(Requirement) Give back exactly the lines of the data below, starting with the line that has "Sembelih Hewan Kurban" and going on through the line that has "zz – ascomycetes".

(Dataset excerpts)

++++++

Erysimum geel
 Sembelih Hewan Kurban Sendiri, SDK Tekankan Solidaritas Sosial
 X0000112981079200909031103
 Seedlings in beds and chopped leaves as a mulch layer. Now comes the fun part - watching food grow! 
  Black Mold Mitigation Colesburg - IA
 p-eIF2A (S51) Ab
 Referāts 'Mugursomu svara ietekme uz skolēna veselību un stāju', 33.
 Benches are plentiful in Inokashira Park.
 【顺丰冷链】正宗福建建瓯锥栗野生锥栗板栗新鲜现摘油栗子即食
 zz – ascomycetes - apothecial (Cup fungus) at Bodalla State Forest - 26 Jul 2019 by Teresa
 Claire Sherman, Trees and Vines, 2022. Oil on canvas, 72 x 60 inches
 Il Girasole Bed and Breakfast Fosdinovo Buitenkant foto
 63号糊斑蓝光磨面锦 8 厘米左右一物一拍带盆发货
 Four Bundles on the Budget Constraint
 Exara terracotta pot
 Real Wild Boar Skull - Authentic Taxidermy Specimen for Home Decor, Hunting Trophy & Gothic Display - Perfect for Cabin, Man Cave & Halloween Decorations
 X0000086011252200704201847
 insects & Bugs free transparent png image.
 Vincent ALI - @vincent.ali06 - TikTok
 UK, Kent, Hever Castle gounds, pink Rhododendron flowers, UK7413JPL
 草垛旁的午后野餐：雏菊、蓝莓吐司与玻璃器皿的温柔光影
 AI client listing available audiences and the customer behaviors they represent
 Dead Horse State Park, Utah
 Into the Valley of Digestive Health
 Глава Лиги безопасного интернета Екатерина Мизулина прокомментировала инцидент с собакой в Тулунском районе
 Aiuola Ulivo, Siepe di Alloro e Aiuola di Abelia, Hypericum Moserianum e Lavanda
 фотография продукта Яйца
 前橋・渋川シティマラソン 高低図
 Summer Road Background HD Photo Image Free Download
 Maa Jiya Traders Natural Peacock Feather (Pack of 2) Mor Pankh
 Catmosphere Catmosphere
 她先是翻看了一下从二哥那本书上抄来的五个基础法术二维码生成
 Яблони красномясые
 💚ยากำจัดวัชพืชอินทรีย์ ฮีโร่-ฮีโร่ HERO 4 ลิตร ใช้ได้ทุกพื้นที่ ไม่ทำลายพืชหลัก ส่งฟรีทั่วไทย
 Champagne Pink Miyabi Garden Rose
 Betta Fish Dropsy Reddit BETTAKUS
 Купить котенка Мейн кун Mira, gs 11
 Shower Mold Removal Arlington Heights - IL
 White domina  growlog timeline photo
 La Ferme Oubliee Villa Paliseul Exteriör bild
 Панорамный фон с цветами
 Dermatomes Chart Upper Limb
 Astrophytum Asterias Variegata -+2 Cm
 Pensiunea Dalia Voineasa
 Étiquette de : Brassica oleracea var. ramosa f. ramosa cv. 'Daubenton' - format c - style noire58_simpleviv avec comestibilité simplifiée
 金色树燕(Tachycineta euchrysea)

++++++

(Your response)
 Sembelih Hewan Kurban Sendiri, SDK Tekankan Solidaritas Sosial
 X0000112981079200909031103
 Seedlings in beds and chopped leaves as a mulch layer. Now comes the fun part - watching food grow! 
  Black Mold Mitigation Colesburg - IA
 p-eIF2A (S51) Ab
 Referāts 'Mugursomu svara ietekme uz skolēna veselību un stāju', 33.
 Benches are plentiful in Inokashira Park.
 【顺丰冷链】正宗福建建瓯锥栗野生锥栗板栗新鲜现摘油栗子即食
 zz – ascomycetes - apothecial (Cup fungus) at Bodalla State Forest - 26 Jul 2019 by Teresa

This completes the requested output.